New year, new drama in New Paltz

As if village Mayor Terry Dungan suffering a stroke on Christmas Day wasn't bad enough: The longtime chief of the New Paltz volunteer fire department, David Weeks, has just resigned in the wake of a leaked email conversation between village elected officials.

The New Paltz Times appears to have an exclusive on this story, and quotes extensively from the emails. In them, Dungan and village trustees Robert Feldman and Shari Osborn argue over the proper response to mounting burdens and plummeting morale at the fire department.

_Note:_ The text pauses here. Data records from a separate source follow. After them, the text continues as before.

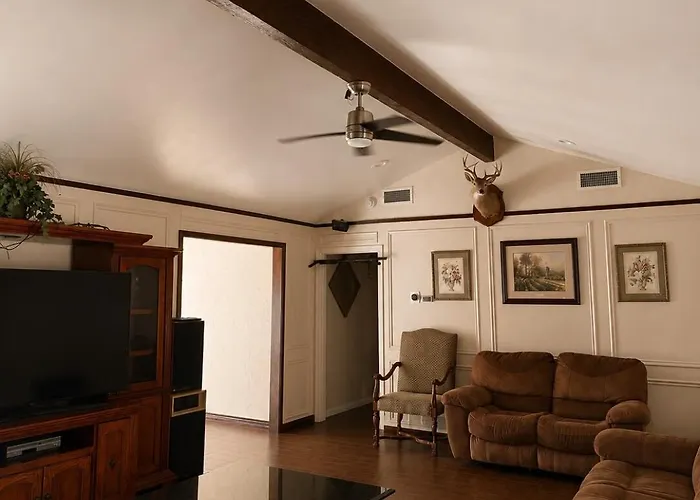 Spacious Getaway 4br 10guest House Near At&t Stadium, Dfw Airport & Stockyards Fort Worth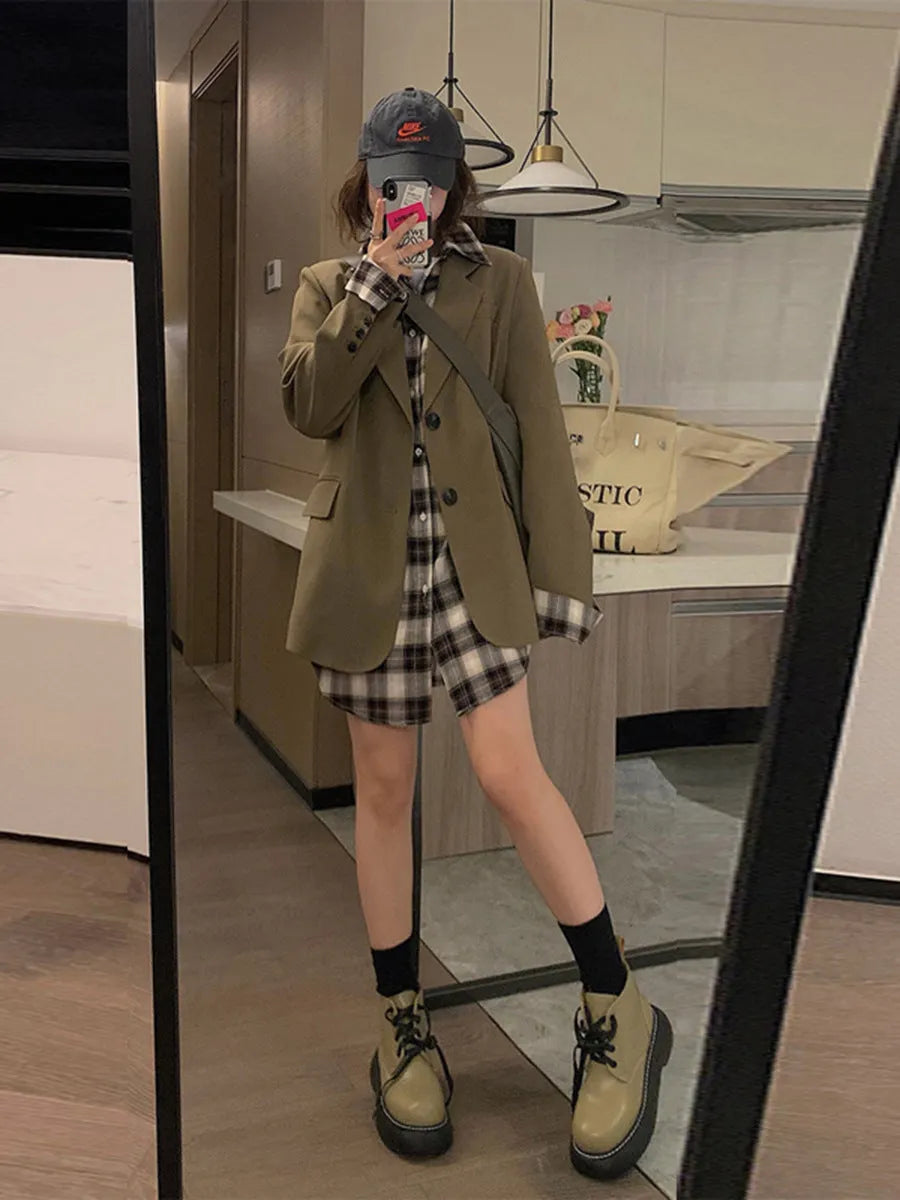 Korean style solid colour polyester blazer jacket with long sleeves and a pocket.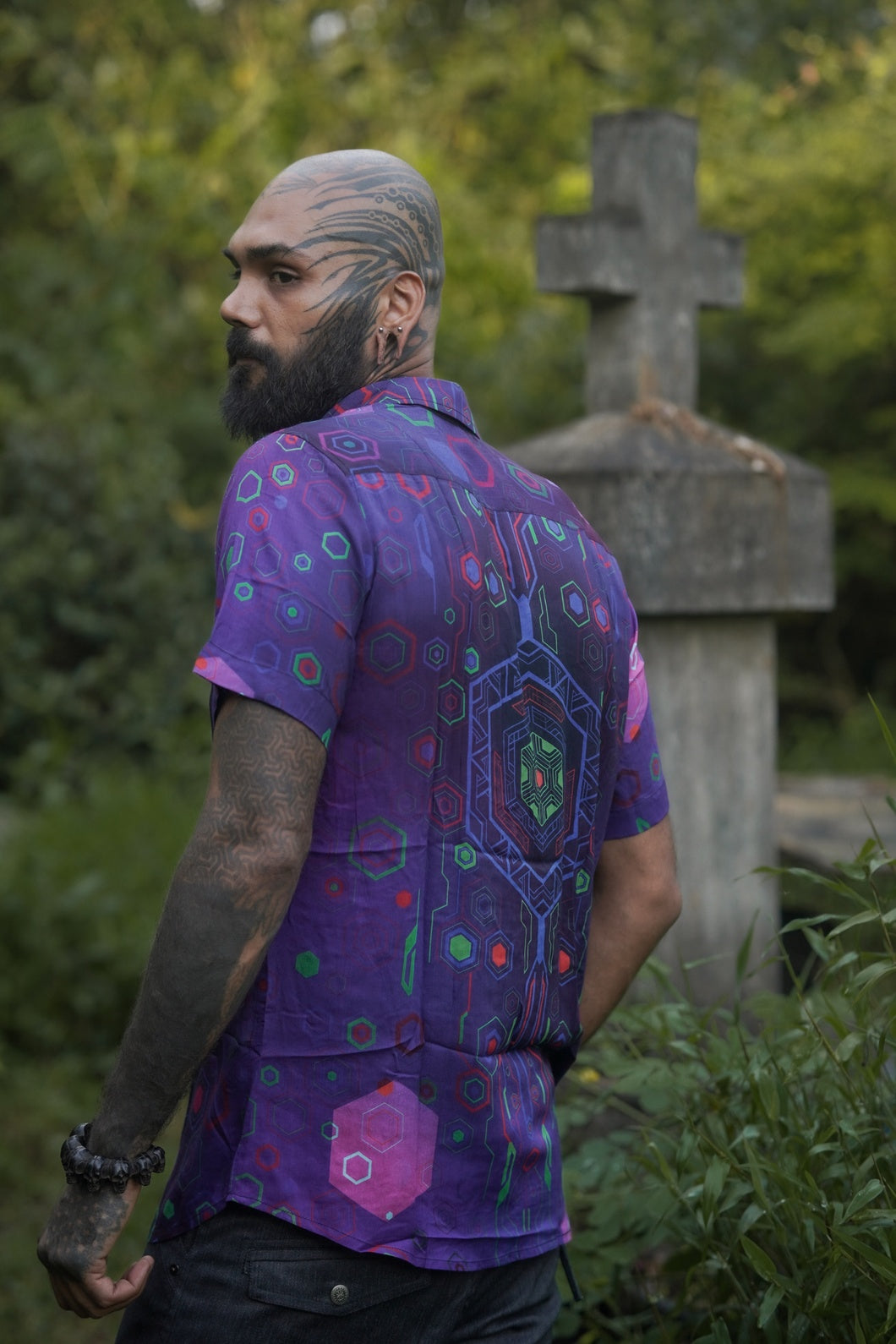 Phantom Molecules – Bamboo Lightweight Summer Wear Molecule Print Shirt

Weeks didn't offer the Times any comment on his resignation, but Feldman said he thought the emails were just the last of a long line of indignities for the chief:

“We all have a breaking point, and I think things said in those e-mails by certain board members just was the straw that broke the chief’s back,” Trustee Robert Feldman said. “It is so unfortunate, because he not only has provided this community with 25 years of his time, expertise and volunteerism, never touching a dime, and waking up at all hours of the night to answer to emergency calls, but they also lost a great leader and a man with so much experience. It deeply saddened me. There are not enough great things to say about Dave. He’s invaluable.”

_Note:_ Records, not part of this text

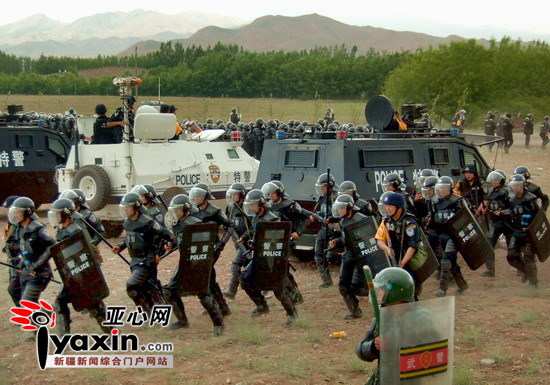 新疆反恐演习：军队果断开枪镇压暴徒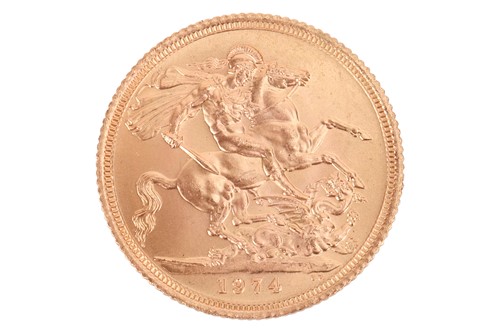 Lot 237 - A 1974 full Sovereign, Elizabeth II, dated...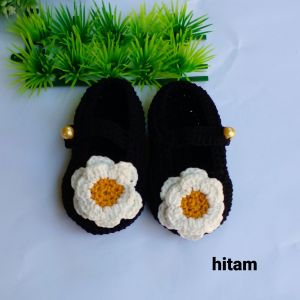 sepatu bayi perempuan rajut cantik lucu murah ringan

"Certain board members" surely refers to Osborn -- who, the paper notes, once said of Weeks, at a public meeting no less, "I f---ing hate him," and who spent much of the email exchange arguing against new expenditures for the fire department:

The mayor said that he had advocated for sleeping arrangements and also for a new fire house that “should have been built 12 years ago,” and that’s why he advocated for the NPFD to go to a “fire district,” which never made it onto the ballot because the Town Board voted 4-1 against a public referendum.

In the e-mails, Trustee Osborn went on to say that she didn’t like what she felt was the “immediacy” in all of this and that had the bunk beds been presented at budget time and “clearly explained,” we would have “of course granted them the funds needed to create bunks at the fire station.”

Had that been the case, she said, “then other items they requested would have had to wait (like maybe the new truck would have had to have been purchased a year later instead of earlier, or some of that seldom-used rescue equipment they asked for, that they explained could be needed in a special situation, would have had to wait too). A larger Fire Department budget was impossible this year -- you know that as well as I do, Terry. All departments have bare-bones budgets and the Fire Department budget needed to be too if we were to remain fair and equitable across the board. This is what our constituents expect of us and this is how I, personally, must serve them during budget time.”

Here's hoping 2011 gets better for New Paltz. The bloggers over at New Paltz Gadfly are hoping so, too -- they've posted a long and optimistic Wish List for 2011, featuring such pie-in-the-sky items as sanely-drawn electoral districts, "civil and feisty" races for local government seats, and "a mayoral campaign that results in a win by someone who actually knows New Paltz."